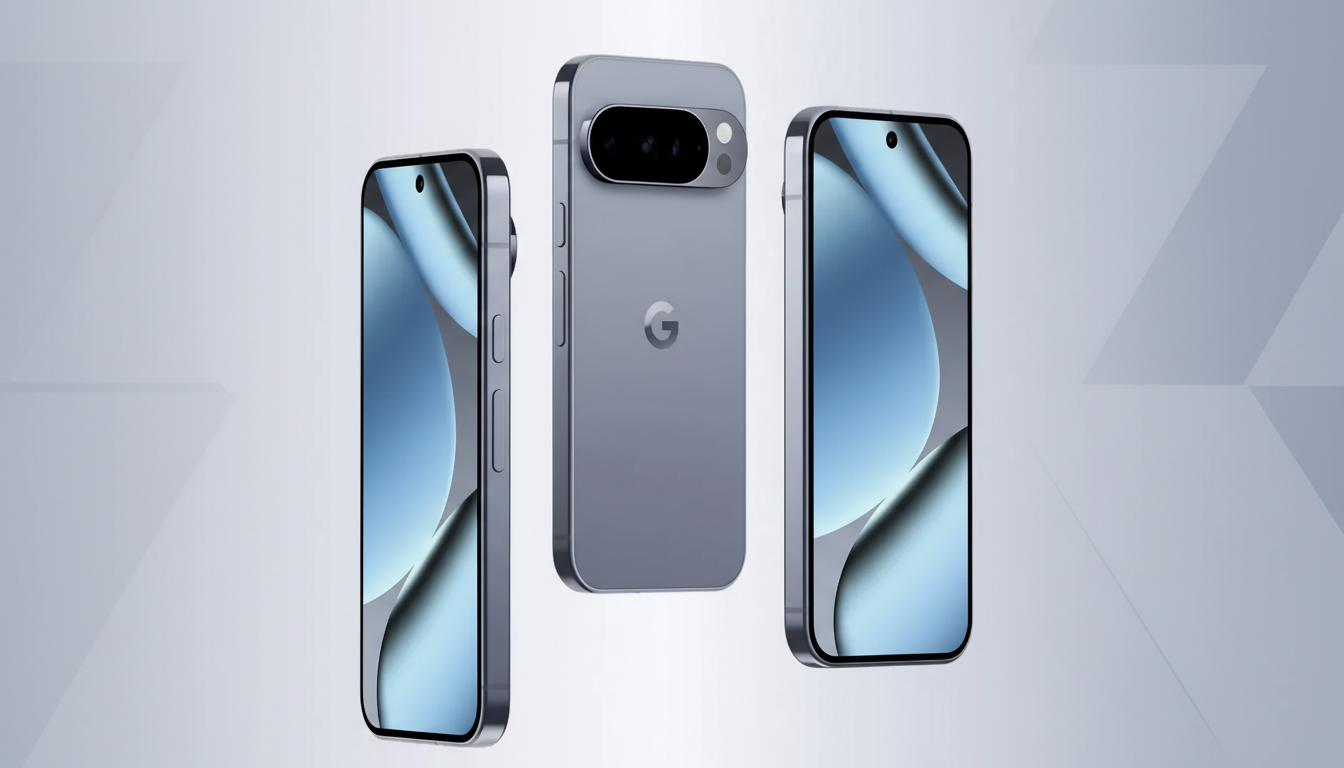 Three views of a light blue smartphone, two showing the front screen with a blue and grey abstract wallpaper, and one showing the back with a camera bar and a G logo, all against a light grey background with subtle geometric patterns.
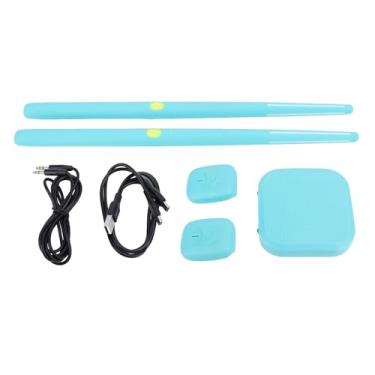 Imagem de Experiência de tambor de ar elétrico com pedais Experiência realista de bateria LED Light Efeitos de tambor sem fio portátil Conjunto para crianças iniciantes (Ciano)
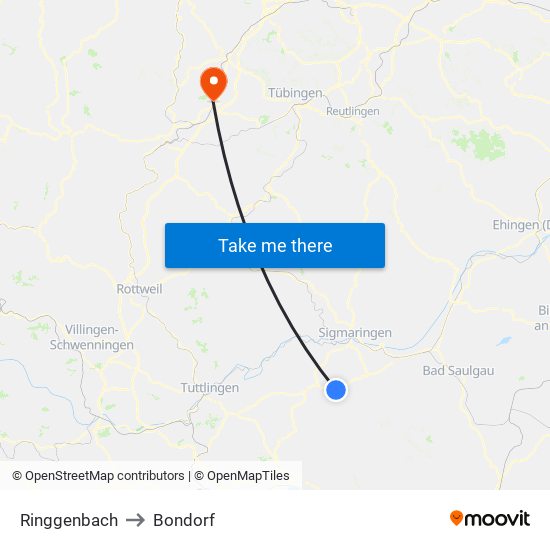 Ringgenbach to Bondorf map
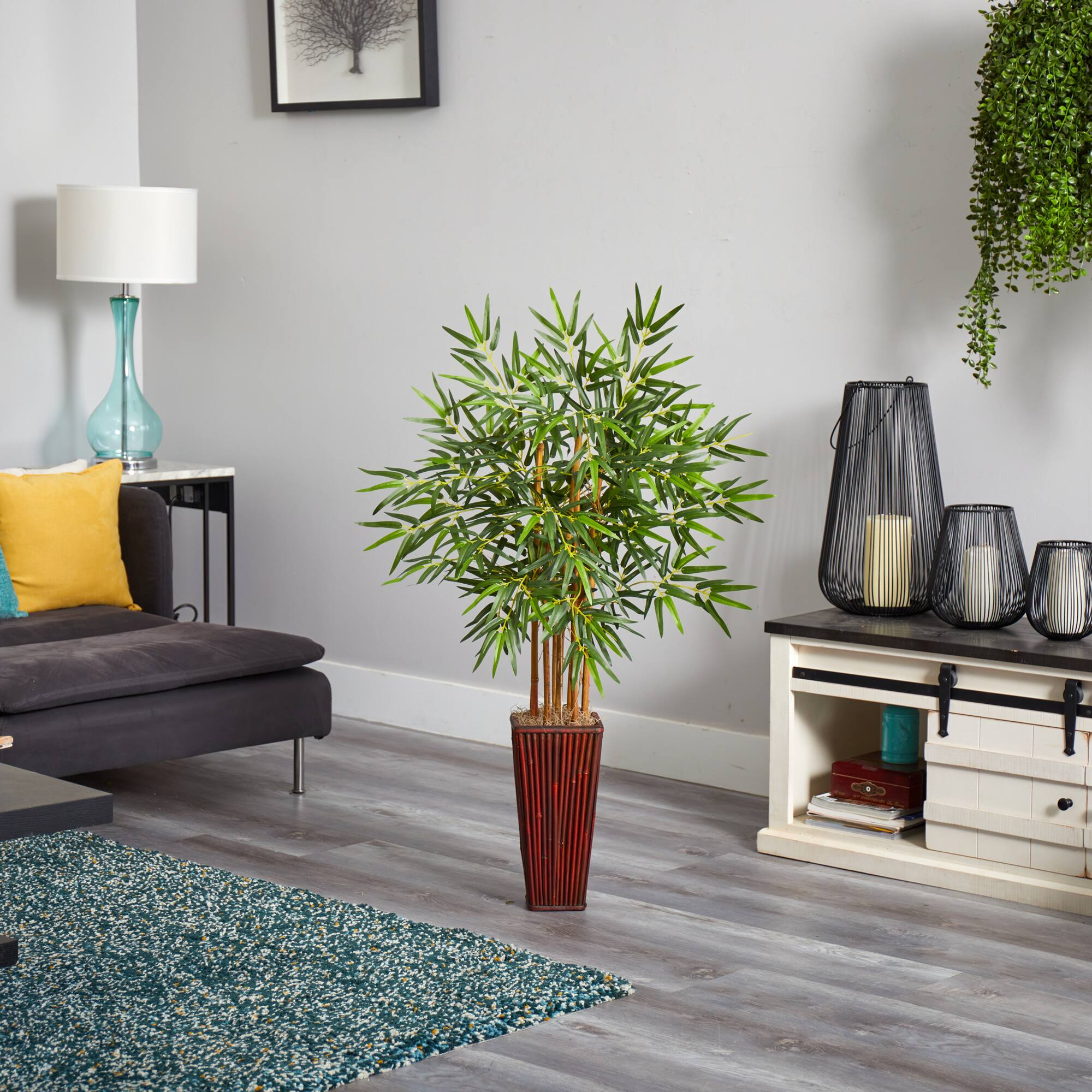 4ft. Artificial Bamboo Tree with Decorative Planter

# # # #

Everything in the data except the pictures needs to be written out exactly.

Answer area:
 Three views of a light blue smartphone, two showing the front screen with a blue and grey abstract wallpaper, and one showing the back with a camera bar and a G logo, all against a light grey background with subtle geometric patterns.
 Imagem de Experiência de tambor de ar elétrico com pedais Experiência realista de bateria LED Light Efeitos de tambor sem fio portátil Conjunto para crianças iniciantes (Ciano)
 Ringgenbach to Bondorf map
 4ft. Artificial Bamboo Tree with Decorative Planter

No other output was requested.